TO DO. Retype, word for word, each line between the lines holding "Сумка через плечо" and "1235 Longpoint Dr, Augusta, GA", inclusive, and leave the rest of the data alone.

SUPPLIED MATERIAL.
****************

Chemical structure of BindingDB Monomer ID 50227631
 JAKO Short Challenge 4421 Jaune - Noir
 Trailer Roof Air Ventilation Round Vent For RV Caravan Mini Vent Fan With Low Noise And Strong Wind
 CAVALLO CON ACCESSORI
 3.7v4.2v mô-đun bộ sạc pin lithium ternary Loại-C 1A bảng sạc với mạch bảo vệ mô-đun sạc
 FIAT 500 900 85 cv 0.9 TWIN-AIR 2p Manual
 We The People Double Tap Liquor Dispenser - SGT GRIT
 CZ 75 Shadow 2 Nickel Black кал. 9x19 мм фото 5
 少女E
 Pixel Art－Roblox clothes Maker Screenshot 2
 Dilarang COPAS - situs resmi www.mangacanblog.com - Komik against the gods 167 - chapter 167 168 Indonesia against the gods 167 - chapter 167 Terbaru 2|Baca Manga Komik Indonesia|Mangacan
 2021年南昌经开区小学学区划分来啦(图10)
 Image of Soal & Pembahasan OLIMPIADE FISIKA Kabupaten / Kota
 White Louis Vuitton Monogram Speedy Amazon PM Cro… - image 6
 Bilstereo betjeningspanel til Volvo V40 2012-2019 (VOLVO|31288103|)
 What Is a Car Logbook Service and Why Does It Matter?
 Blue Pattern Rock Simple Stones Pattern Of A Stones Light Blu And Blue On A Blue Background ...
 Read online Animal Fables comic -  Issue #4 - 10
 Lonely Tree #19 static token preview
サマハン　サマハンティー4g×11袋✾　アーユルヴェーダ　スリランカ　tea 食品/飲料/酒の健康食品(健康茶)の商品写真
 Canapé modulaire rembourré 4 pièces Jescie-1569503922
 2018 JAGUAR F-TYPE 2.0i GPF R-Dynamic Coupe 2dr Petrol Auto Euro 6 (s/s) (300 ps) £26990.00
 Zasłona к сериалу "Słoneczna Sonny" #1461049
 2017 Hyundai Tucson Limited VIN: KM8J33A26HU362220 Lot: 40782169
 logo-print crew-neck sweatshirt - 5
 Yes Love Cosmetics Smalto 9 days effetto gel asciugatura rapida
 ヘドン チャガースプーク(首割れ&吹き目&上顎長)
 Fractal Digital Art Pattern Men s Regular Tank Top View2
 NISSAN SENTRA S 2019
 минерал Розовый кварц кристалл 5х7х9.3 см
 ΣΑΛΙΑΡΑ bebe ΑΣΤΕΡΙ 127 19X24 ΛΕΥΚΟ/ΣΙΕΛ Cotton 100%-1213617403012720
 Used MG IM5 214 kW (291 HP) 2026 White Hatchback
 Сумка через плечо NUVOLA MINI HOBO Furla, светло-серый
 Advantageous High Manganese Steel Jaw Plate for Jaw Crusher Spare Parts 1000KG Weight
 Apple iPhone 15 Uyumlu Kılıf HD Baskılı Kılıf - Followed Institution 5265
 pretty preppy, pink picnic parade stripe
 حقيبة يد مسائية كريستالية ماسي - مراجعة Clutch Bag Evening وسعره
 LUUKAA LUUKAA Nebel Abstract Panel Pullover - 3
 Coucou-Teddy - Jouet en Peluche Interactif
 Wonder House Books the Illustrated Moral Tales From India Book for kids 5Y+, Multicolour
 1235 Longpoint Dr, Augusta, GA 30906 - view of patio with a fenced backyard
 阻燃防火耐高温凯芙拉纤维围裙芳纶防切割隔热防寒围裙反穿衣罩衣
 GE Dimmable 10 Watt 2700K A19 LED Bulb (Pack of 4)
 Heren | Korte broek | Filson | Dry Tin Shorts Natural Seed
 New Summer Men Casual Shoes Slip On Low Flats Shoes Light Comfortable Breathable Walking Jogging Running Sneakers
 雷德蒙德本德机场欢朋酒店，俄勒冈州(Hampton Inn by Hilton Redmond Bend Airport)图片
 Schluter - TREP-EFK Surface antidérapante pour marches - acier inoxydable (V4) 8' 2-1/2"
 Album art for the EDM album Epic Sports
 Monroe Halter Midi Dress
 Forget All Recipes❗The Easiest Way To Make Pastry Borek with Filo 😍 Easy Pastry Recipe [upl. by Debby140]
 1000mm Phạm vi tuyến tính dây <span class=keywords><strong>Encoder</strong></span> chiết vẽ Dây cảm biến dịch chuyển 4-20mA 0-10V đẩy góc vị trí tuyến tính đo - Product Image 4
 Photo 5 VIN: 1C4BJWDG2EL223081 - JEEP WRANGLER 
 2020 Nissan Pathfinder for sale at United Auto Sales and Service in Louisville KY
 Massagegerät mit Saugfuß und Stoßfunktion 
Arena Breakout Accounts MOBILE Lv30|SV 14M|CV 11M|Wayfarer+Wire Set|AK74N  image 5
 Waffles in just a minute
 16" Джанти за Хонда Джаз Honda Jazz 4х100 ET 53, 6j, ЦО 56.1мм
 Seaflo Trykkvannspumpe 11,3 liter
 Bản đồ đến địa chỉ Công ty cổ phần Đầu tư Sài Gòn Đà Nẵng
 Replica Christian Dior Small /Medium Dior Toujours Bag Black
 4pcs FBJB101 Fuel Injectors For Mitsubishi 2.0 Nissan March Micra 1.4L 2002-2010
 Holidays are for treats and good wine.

****************

TASK OUTPUT.
 Сумка через плечо NUVOLA MINI HOBO Furla, светло-серый
 Advantageous High Manganese Steel Jaw Plate for Jaw Crusher Spare Parts 1000KG Weight
 Apple iPhone 15 Uyumlu Kılıf HD Baskılı Kılıf - Followed Institution 5265
 pretty preppy, pink picnic parade stripe
 حقيبة يد مسائية كريستالية ماسي - مراجعة Clutch Bag Evening وسعره
 LUUKAA LUUKAA Nebel Abstract Panel Pullover - 3
 Coucou-Teddy - Jouet en Peluche Interactif
 Wonder House Books the Illustrated Moral Tales From India Book for kids 5Y+, Multicolour
 1235 Longpoint Dr, Augusta, GA 30906 - view of patio with a fenced backyard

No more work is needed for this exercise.